The Truth about Tech DebtPosted: January 13, 2014
This is a topic which almost all non-technical and a lot of technical people don’t understand. This is sad and somewhat ironic because, if you are in any way involved in the software development business, you HAVE to understand it.
I think part of the problem is that, to non-technical people, Tech Debt sounds very nebulous and like precisely the kind of excuse that software engineers come up with for not getting stuff done.
Be assured that tech debt is very real and very deadly. Even those people who do understand what it is find it all too easy to kick the can down the road. Never forget the old saw “a stitch in time saves nine”.
So What is It?
Firstly, let’s explain the analogy: it’s called “debt” in part because you pay “interest” on it. That interest consists of the extra time and risk (therefore, cost) of adding or changing product features.
Furthermore, just like a credit card, the interest compounds. If you don’t address the current debt but go ahead and build new features anyway (i.e. spend more) then you are building those new features on top of your existing debt, meaning you’re paying interest on interest.
The only way to avoid paying interest is to pay back the debt. If you let the debt grow too far, you’ll end up spending more servicing the debt than building new features. Ultimately, you’ll become bankrupt.
Just like other kinds of debt, it’s all too easy and tempting to ignore but it never goes away if you do that – it just gets worse.
Err…So What is It?
Let’s try another analogy: think of your product like a building. Each feature you build is a floor you add to the top of your building. In order for a new floor to stay up, it’s dependent on the support of all the other floors below.
Imagine your building has 8 floors. Now you’ve got demand from new tenants so you want to add a 9th floor. Easy right?

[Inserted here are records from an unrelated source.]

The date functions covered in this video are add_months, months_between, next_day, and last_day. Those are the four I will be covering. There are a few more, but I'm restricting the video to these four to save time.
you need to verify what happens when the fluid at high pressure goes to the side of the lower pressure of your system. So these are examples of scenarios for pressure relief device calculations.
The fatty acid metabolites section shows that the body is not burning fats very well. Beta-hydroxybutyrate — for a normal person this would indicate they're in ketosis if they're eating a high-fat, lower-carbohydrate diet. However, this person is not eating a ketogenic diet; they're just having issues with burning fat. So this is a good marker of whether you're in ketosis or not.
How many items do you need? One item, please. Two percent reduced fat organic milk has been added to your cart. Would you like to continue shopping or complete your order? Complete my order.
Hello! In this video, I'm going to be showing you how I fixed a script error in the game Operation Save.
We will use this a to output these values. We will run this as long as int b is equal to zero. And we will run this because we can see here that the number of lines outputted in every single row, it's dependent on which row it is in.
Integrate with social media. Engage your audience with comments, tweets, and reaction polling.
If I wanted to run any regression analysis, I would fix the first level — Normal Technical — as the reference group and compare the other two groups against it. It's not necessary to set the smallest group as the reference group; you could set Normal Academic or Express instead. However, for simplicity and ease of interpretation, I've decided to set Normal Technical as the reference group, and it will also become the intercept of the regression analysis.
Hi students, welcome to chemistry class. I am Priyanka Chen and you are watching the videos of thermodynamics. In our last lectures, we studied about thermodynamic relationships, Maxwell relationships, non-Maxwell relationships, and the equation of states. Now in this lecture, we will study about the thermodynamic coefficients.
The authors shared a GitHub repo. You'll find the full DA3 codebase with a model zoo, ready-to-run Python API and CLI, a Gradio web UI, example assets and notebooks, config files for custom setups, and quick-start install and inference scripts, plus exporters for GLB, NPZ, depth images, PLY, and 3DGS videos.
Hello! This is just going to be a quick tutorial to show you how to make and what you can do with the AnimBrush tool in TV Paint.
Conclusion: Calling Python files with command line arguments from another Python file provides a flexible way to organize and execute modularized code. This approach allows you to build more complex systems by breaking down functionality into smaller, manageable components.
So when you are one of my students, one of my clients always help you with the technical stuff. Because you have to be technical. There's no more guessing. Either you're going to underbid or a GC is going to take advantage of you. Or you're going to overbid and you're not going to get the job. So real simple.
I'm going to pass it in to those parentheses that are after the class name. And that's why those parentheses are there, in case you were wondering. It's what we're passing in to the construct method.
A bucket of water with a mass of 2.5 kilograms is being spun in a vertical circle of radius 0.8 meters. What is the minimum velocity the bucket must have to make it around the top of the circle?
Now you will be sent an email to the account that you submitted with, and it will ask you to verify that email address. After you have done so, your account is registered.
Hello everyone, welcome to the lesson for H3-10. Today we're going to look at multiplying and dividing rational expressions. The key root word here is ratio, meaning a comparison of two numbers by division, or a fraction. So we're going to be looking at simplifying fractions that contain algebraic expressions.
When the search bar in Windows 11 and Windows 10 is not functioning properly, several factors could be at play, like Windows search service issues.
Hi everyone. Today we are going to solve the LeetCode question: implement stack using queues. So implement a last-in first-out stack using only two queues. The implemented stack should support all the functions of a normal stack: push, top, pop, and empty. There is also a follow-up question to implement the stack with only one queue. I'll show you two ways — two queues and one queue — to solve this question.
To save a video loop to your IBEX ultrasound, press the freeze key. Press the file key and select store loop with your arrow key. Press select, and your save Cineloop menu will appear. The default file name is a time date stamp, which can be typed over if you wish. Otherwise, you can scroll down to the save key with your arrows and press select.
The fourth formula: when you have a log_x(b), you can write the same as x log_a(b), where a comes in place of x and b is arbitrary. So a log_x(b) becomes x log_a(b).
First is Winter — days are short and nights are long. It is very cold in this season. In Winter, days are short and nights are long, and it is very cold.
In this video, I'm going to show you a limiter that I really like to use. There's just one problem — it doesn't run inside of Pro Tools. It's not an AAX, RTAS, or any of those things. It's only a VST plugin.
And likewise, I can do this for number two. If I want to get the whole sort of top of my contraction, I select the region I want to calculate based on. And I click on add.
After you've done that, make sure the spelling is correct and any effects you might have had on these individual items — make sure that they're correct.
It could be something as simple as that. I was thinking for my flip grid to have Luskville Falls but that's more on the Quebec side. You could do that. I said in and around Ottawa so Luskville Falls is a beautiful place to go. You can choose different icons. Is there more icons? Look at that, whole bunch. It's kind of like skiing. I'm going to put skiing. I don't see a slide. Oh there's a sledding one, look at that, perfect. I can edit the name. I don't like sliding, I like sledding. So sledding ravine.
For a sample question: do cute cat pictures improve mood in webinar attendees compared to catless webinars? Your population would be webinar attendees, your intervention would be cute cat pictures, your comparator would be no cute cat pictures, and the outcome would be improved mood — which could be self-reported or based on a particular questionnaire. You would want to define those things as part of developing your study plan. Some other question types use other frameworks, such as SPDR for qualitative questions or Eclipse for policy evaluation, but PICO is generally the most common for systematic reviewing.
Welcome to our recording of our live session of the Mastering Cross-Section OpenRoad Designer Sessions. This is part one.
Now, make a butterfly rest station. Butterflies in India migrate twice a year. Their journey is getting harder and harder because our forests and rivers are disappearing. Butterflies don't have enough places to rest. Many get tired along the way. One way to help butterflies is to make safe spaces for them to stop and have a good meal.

The problem is that the 8th floor isn’t in great shape. It looks ok from the outside but remember you put a lot of pressure on Mikey, the contractor who built the 8th floor, to get the job done because you had tenants waiting? Mikey’s a good guy but he definitely cut some corners to make the deadline you imposed. That wall that was supposed to be load-bearing is just a facade. The wiring is not up to code. The plumbing was rushed so it’s leaking – you haven’t seen the stains on the ceiling of the floor below yet…but you will.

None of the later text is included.